For convenience BuildAMol has a `parallel_optimize` function that we can use to run multiple optimizations, well, in parallel! Here's how to use it:

In [8]:
# run twenty optimizations in parallel
# by passing a list of environments
# since we want to do sampling we set unify_final=False
conformers = bam.optimizers.parallel_optimize(mol, [env] * 20, algorithm="swarm", n_particles=5, unify_final=False)
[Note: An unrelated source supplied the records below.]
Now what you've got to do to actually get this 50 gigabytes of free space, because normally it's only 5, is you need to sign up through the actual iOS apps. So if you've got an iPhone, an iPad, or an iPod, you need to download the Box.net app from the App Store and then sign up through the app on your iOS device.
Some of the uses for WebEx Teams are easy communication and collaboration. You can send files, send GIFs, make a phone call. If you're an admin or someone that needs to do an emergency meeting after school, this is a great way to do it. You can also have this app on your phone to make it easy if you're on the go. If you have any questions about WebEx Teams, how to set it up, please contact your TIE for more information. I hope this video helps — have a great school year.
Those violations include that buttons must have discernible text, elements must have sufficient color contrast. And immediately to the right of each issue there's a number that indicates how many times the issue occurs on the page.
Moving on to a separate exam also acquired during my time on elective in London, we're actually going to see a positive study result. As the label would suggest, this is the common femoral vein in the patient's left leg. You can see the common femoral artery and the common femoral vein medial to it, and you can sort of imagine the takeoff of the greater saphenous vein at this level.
view = mol.draw(color="gray")
for c in conformers:
    view.add(c.draw(color="limegreen"))
view.show()

And there we have some more conformers. Of course if we want to do it a little more rigorous, we should repeat the procedure multiple times while sampling different edges to get more diversity. Hopefully you feel like you could already do this on your own at this point, but let's demonstrate it anyways:

In [9]:
conformers = []
for i in range(5):
    # make a new graph each time     
    edges = graph.sample_edges(graph.find_rotatable_edges(graph.central_node), n=2, m=5)
    env = bam.optimizers.DistanceRotatron(graph, edges, pushback=1.5)
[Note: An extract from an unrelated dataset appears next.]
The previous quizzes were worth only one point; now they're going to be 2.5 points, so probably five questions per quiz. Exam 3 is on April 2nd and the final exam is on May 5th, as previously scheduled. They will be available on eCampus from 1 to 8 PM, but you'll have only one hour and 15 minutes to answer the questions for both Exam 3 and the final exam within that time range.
    # optimize and get the conformer samples
    incoming = bam.optimizers.parallel_optimize(mol, [env] * 10, algorithm="swarm", n_particles=5, unify_final=False)
    conformers.extend(incoming)
    
view = mol.draw(color="gray")
for c in conformers:
    view.add(c.draw(color="purple"))
view.show()

And there we have a total of 50 conformations overlaid! Out of interest, let's also check how many of our conformers have clashes in them:

In [12]:
v = mol.draw(color="gray")
for c in conformers:
    if c.count_clashes() == 0:
        color = "limegreen"
    else:
        color = "red"
    
    v.add(c.draw(color=color))

v.show()

What if we want to use these conformers in a deep-learning dataset for instance? Well, most of the available deep-learning tools work with RDKit so let's simply generate a "dataset" in the form of a pickled list of dictionaries that contain RDKit molecules and some other data. We can then use this to maybe retrain an existing tool to better accomodate our needs, or do whatever else our research may entail...

In [13]:
import pickle

dataset = []

for idx, c in enumerate(conformers):
    if c.count_clashes() > 0:
        continue
    new = {
        "conformer_id" : c.id + str(idx),
        # any additional features that would be of interest
        # ...
        "mol" : c.to_rdkit()
    }
    dataset.append(new)

with open("./files/x_wing_conformers.pkl", "wb") as f:
    pickle.dump(dataset, f)

With this we have reached the end of this tutorial. Hopefully you found it useful for your search for conformers!